The language of the Elizabethan era is also an important part of the introduc-tory unit. The first thing the twentieth century reader notices about the plays of Shakespeare is that they contain long speeches, usually in verse, in language that is complex, dense, and often archaic. Shakespeare was writing in early Modern English, and he had a very large vocabulary, over 30,000 words (about twice the number used by a normal educated person according to The Story of English.) When printed in a modern typeface, it is basically recognizable as the same language we use today, but, over the last four hundred years, there have been changes. Words have been dropped from or added to the lexicon, and the meanings of extant words have evolved.
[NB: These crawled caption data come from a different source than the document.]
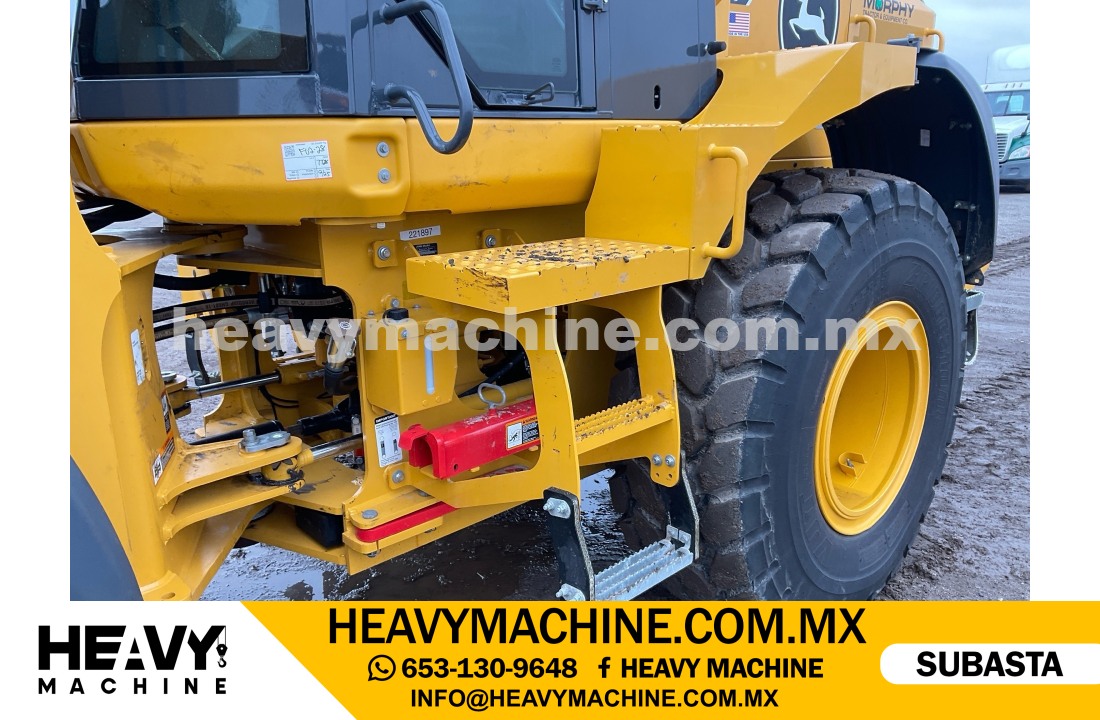 Maquinaria Pesada Cargador frontal 2023 JOHN DEERE 524P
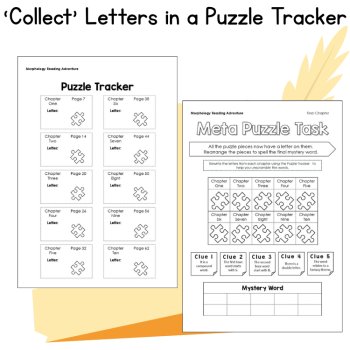 Morphology ELA Reading Activity Puzzles Prefixes Escape Room 5th 6th 7th Grade, image 4
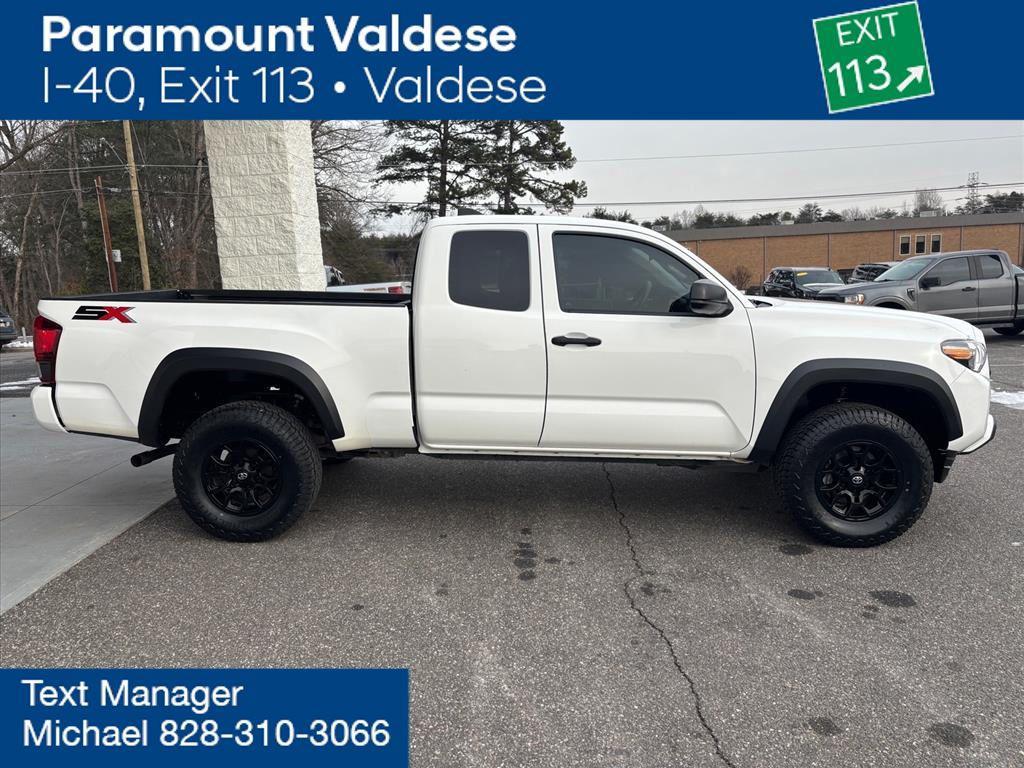 used 2022 Toyota Tacoma car, priced at $21,500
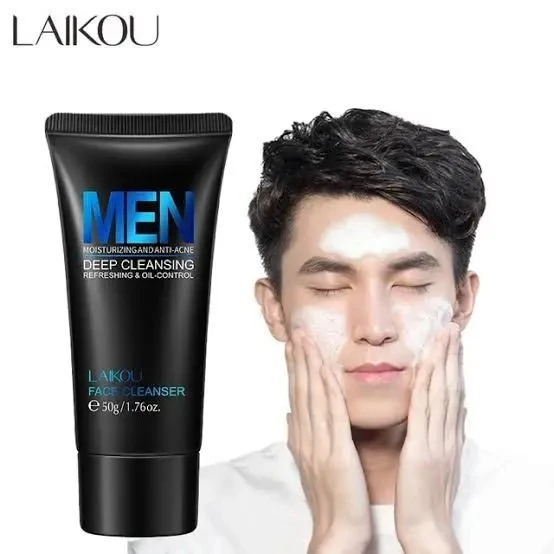 LAIKOU Men's facial cleanser 50g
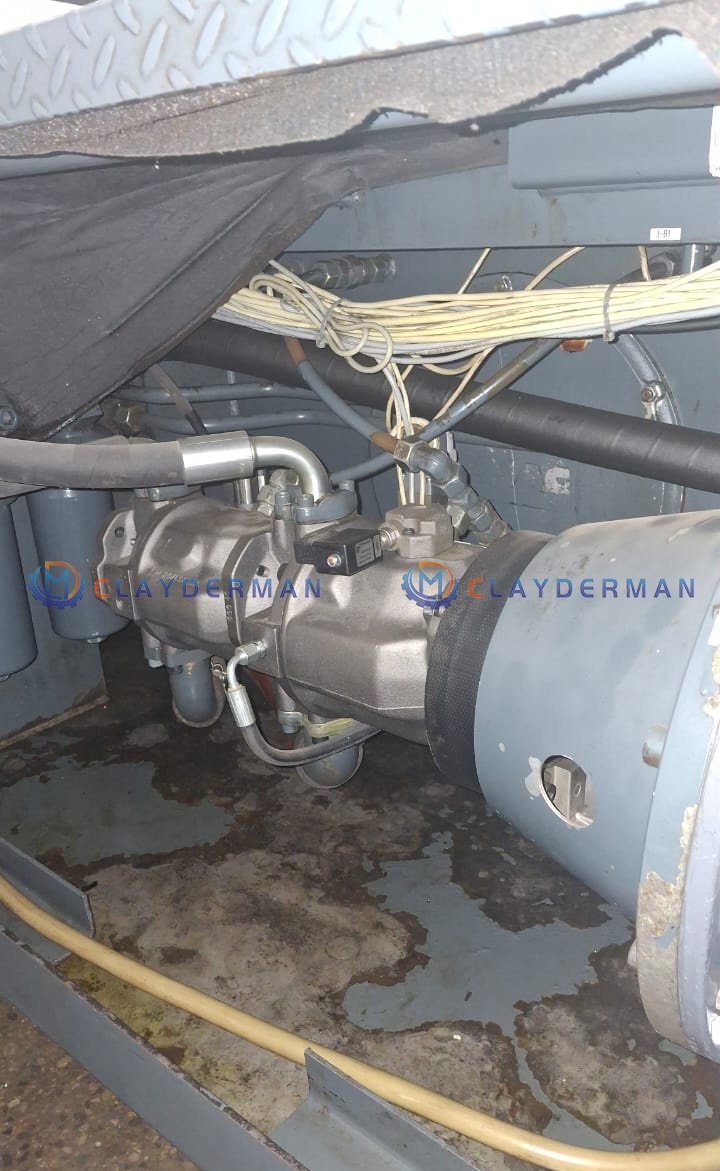 A10VSO71DFE1/31R-+A10VSO45DR/31R Rexroth Original Double Pump for Demag Injection Molding Machine in Chile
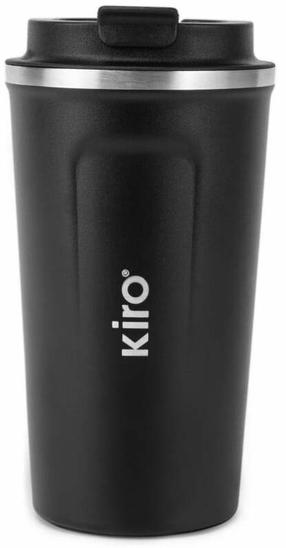 Termopuodelis Kiro KI512B, 0.51 l, juoda sp.
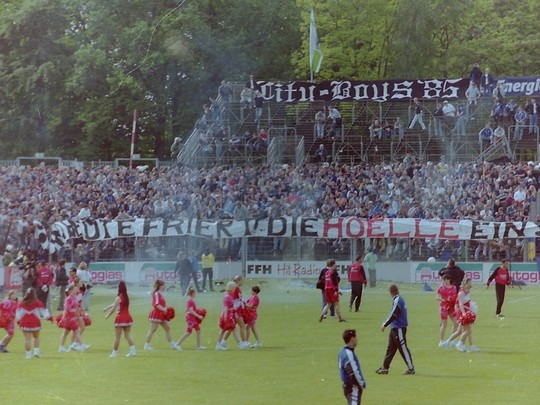 Kickers Offenbach Waldhof Mannheim 1999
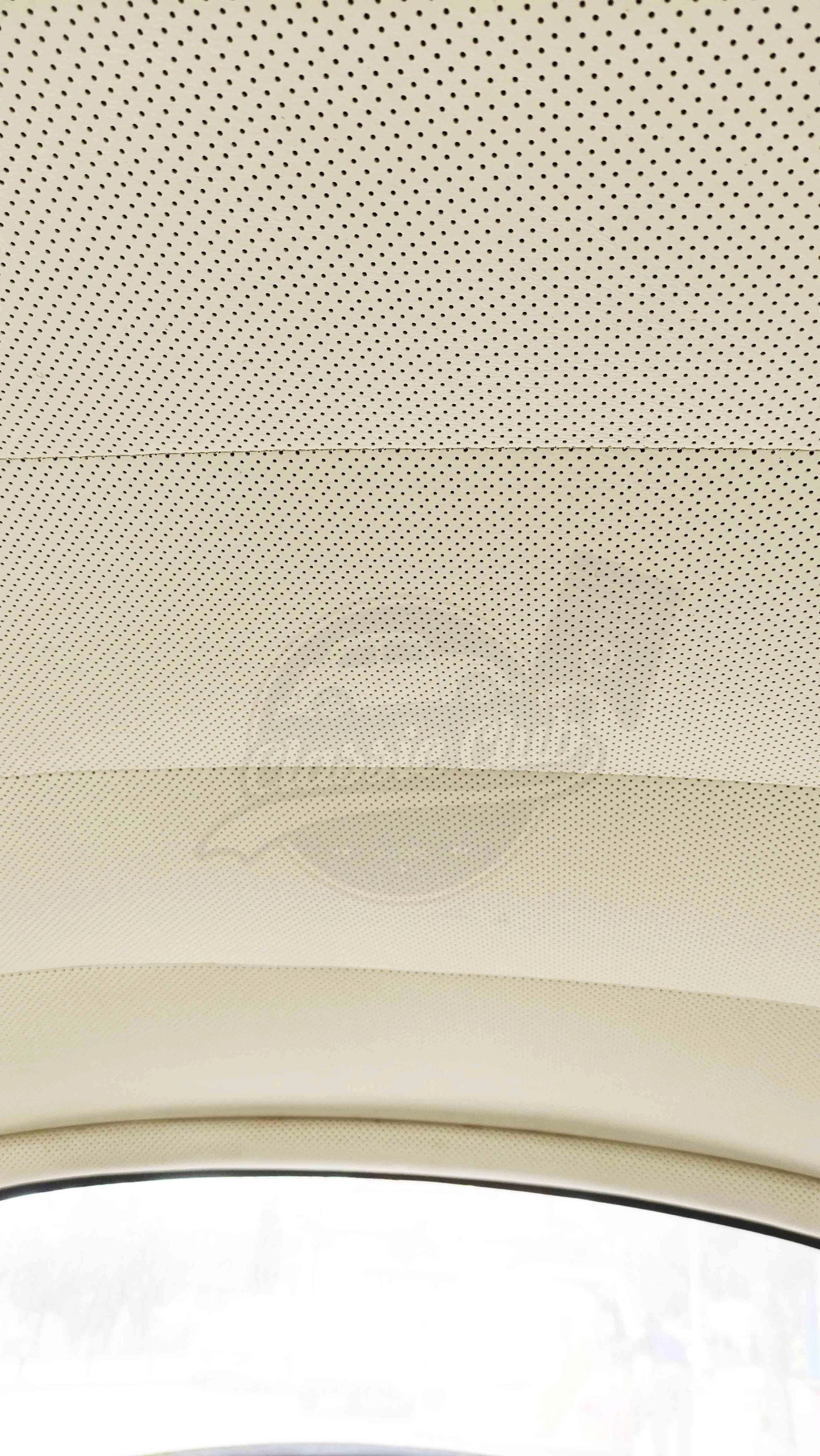perforated cream headliner for vw beetle 1100 1200 1947 1967 3 3007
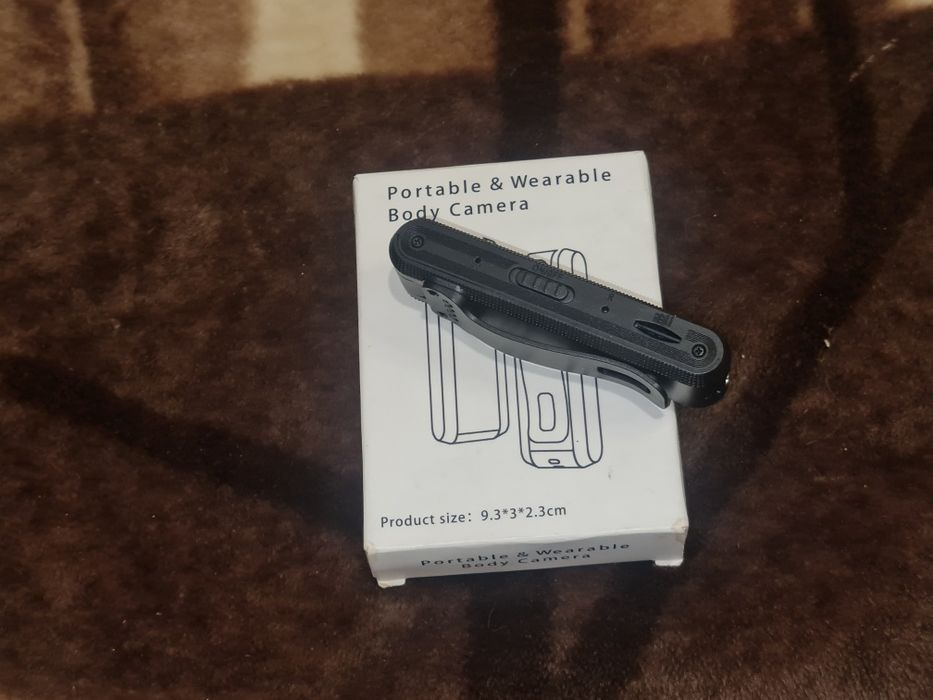 Продам нагрудную мини камеру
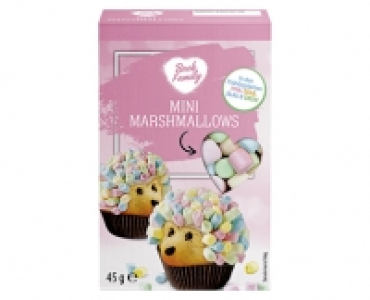 Aldi Süd  Back Family Mini Marshmallows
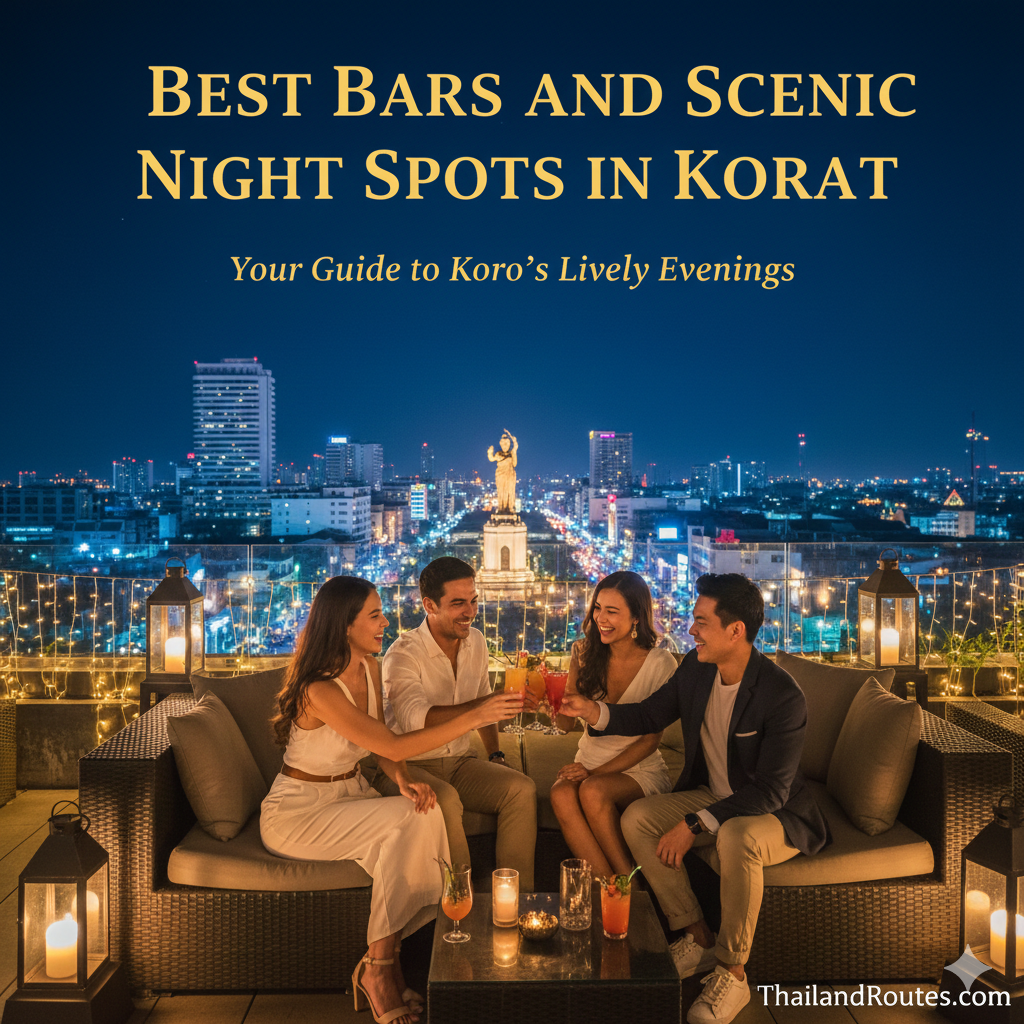 Best Bars and Scenic Night Spots in Korat 2026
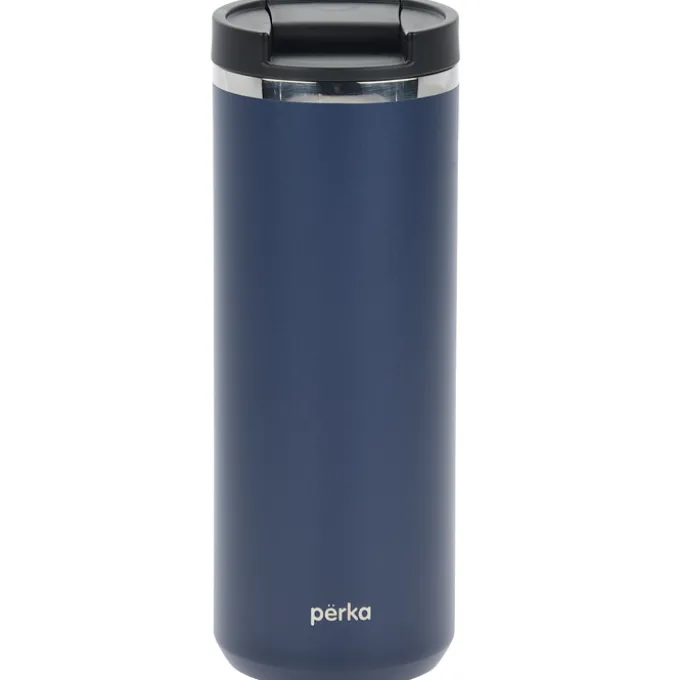 Perka Trent Vacuum Tumbler with Hot & Cold Lids - 18 oz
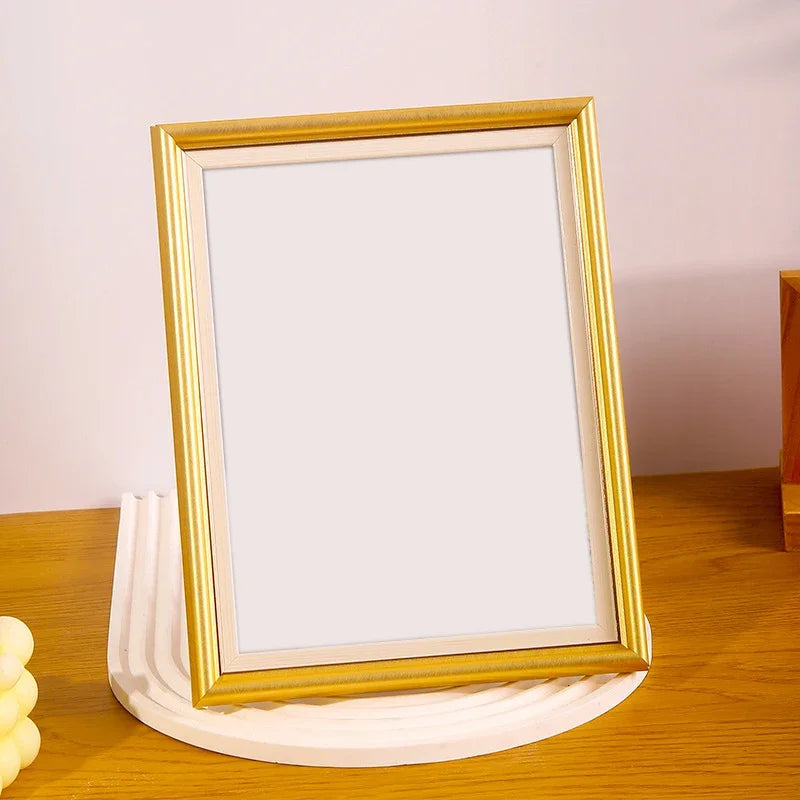 cadre photo en bois pour portraits de famille et mariage - vue 8 sur 10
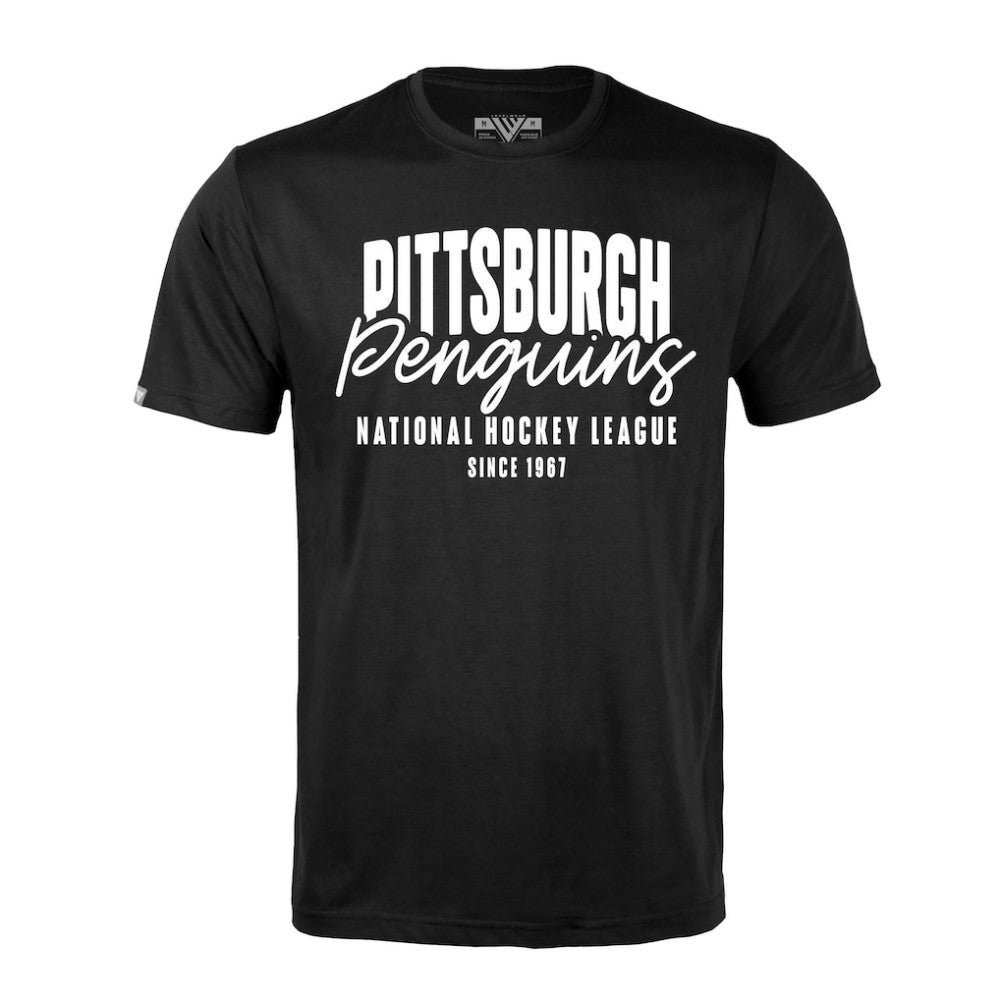 Pittsburgh Penguins Levelwear Richmond Response T-Shirt On Sale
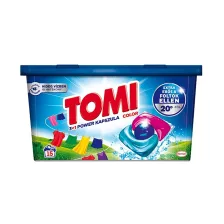 Tomi 3+1 Power mosókapszula Color színes ruhákhoz 15db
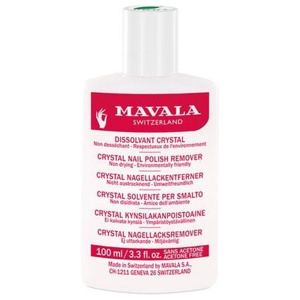Crystal Nail Polish Remover 100 ml produkt bild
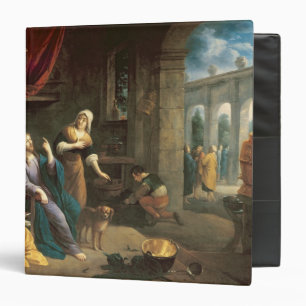 Classeur Jésus à la maison de Martha et de Mary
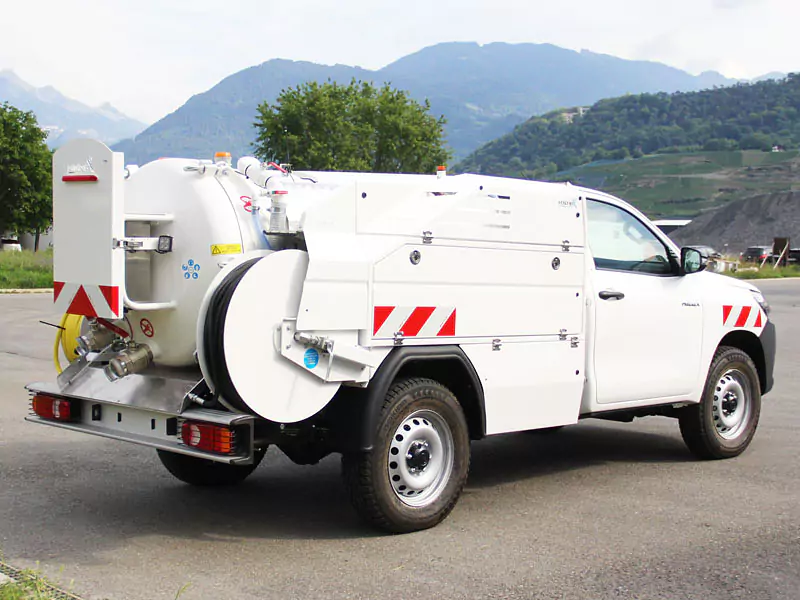 MINIMAX Combiné Viewer Toyota Hilux 3.5 T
Verb endings and pronouns have also changed, as has pronunciation. All of these things make his plays difficult for readers today, whether or not their native language is English. Any discussion of the distinctive features of Shakespearean English should be illustrated by lines from the play the students will be studying to help them become familiar with it.

Now, having gotten some idea about the history and language of England in the sixteenth and seventeenth centuries, it is time to turn our attention to the shared conventions of drama: the structure, the underlying theme, and the basic elements.

Shakespeare's plays, like any other play, movie, or television drama, are organized into three parts, or stages: the exposition stage in which we meet the characters, the complication stage in which some sort of problem arises for these characters, and the resolution stage in which the problem is solved for better or for worse.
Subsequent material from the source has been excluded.